## Required work
Copy the following data exactly and drop the pictures.

──────── Records provided

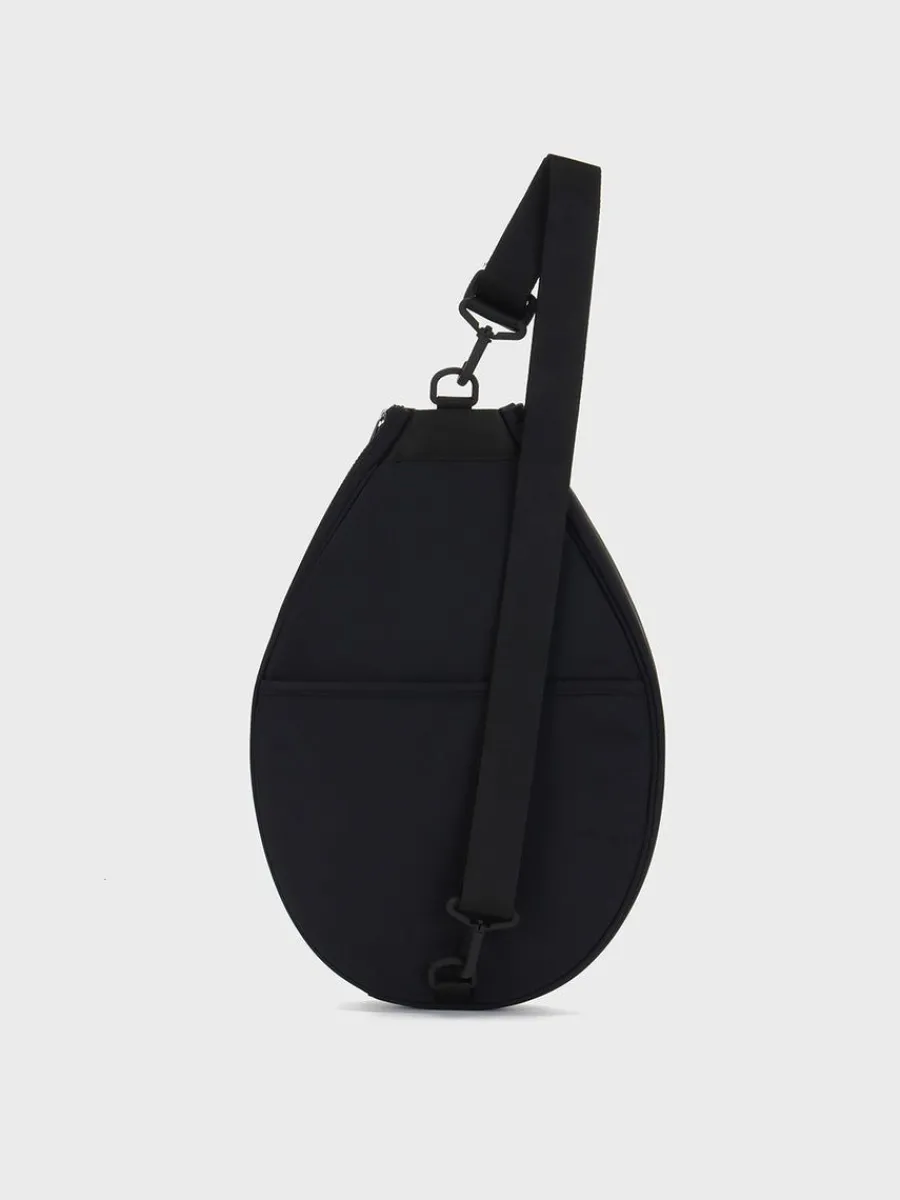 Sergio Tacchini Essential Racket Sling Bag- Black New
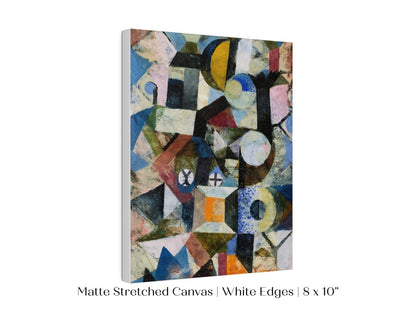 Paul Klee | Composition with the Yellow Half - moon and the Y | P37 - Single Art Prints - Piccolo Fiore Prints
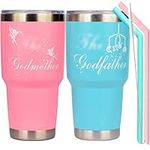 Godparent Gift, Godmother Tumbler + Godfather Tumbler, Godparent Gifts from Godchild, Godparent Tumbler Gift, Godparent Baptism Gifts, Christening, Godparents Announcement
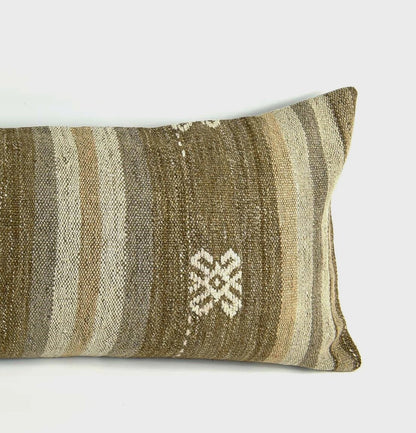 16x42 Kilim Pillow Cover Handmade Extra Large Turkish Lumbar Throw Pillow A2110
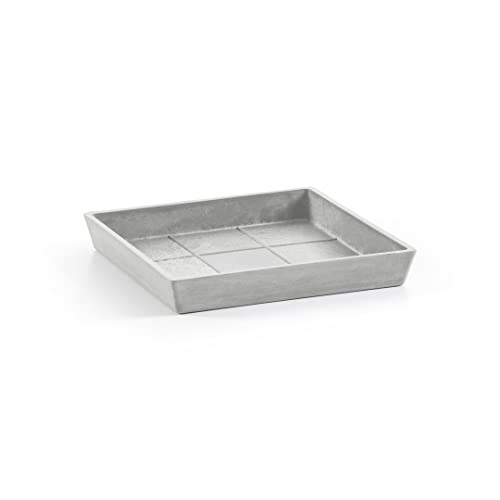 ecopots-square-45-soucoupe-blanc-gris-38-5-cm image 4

────────────────

## Answer space
 Sergio Tacchini Essential Racket Sling Bag- Black New
 Paul Klee | Composition with the Yellow Half - moon and the Y | P37 - Single Art Prints - Piccolo Fiore Prints
 Godparent Gift, Godmother Tumbler + Godfather Tumbler, Godparent Gifts from Godchild, Godparent Tumbler Gift, Godparent Baptism Gifts, Christening, Godparents Announcement
 16x42 Kilim Pillow Cover Handmade Extra Large Turkish Lumbar Throw Pillow A2110
 ecopots-square-45-soucoupe-blanc-gris-38-5-cm image 4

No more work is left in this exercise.